不過,想要觸及仙府,唯一的途徑就是縱身一跳,只有這番赤誠才能感動仙靈,授予真訣。
受到冥冥中力量牽引,烈非錯一步步走到無涯之崖前,鬼使神差的探出頭去。
望著崖下這片黑暗,疑惑、頹廢、絕望、憤怒、不甘……
少年的臉上七情上面,最後匯聚成一種情緒……
不屈!
「哈!哈哈哈!不!我不會跳的,就算到了如今這種地步,我也不會放棄,我一定要守住爹娘留下的一切。」
萬丈懸崖最終一步,少年毅然轉身,堅強的表情抬頭注天。
「老天爺!我不會跳的!無論你要加諸什麼劫難在我身上,我都不會認輸!爹娘留下的,我一定會守住,一定會~~」
誓言般的怒吼,毫不畏懼的迎上天空中的驚雷。
轟轟轟轟轟轟轟轟轟轟——!
我敬天!亦畏天!
但我更明天!
對於卑躬屈膝的弱者,天不會賜予憐憫!
老天爺的機會和好遠,是為那些打不倒的人留下的!
就在此時,一道驚雷忽然自九霄而降,驚雷怒劈烈非錯立身的崖邊,久經鬆軟的山土,在這一劈之下……
崩潰了!
「啊啊啊啊啊啊啊啊啊啊啊啊啊啊———!」烈非錯驚喝一聲,失足墜入無涯之崖。
幽空絕崖,無底深淵。
烈非錯的單薄身軀不住下墜,他瘋狂的舞動四肢,卻無法抓住任何一點借力。
——為什麼……為什麼會這樣?
——老天爺!難道這才是你的真意,你想看到的,不是我屹立不屈的身影嗎?
——不!不會的!天行健,君子以自強不息!人不自棄,天亦不棄!
自強不息,永不駐足!當初爹為自己取名為「非錯」,用意就是如此。
身墜無底懸崖,烈非錯心中一絲希望火苗依然未熄滅,他相信天無絕人之路!
他的信任得到了回應,忽然間,一股颶風龍旋自下方猛衝上來。
強勢龍旋頓時將他的身影吞沒,風旋中空氣急促,沒轉上幾圈,少年便昏厥過去。
「鴻蒙大道,無為無始,太上聖元,唯心唯識~~」
昏昏沉沉間,烈非錯的腦中飄蕩著一句玄之又玄的話,聽聲音似乎是一位老者。
下一刻,烈非錯完全失去了意識。
不知過了多久,當他再度醒來后,四周已是青天白日,芳草欣欣。
「我……我怎麼會在這裡……這裡是……」懵然的眼神環顧四周。
暮然驚覺,此刻竟然已經不在懸崖邊上了。
「我竟然被風帶到了這裡?」再度站起身來的烈非錯喃喃自語,他認得四周的景貌,這是風海城外不遠處的一處荒郊,如果自這裡回城,徒步也只需一、二個時辰。
再度昂首挺立在天地間,烈非錯有一種很奇怪的感覺。
無涯之崖的傳說果然是子虛烏有,雖然不是主動,但陰差陽錯下墜崖的他,並未見到什麼仙府神跡。

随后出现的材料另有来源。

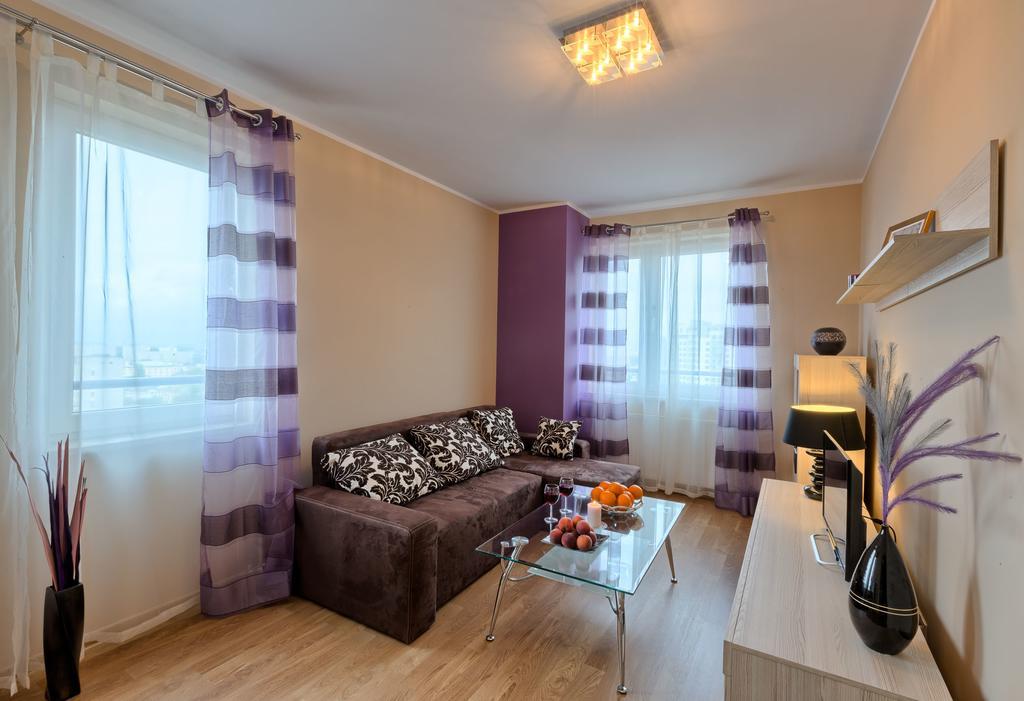 Aparthotel City Aparthotel Wola Warsaw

然而,此刻的少年卻感覺自己完全不同了,並非是他的體質產生了什麼變化,這種感覺是發自內心的,是一份死裡逃生、再世為人的欣喜與非凡覺正。
順著記憶中的方向,烈非錯慢步走迴風海城。
此地離風海城很近,因此即便如他這樣的稚齡少年,也不必擔心荒郊的流寇匪類。
烈非錯走的不快,因為他在想問題。
經歷了一次生死,心境雖然豁然開朗,但這份心靈的變化卻無助於他目前的困境。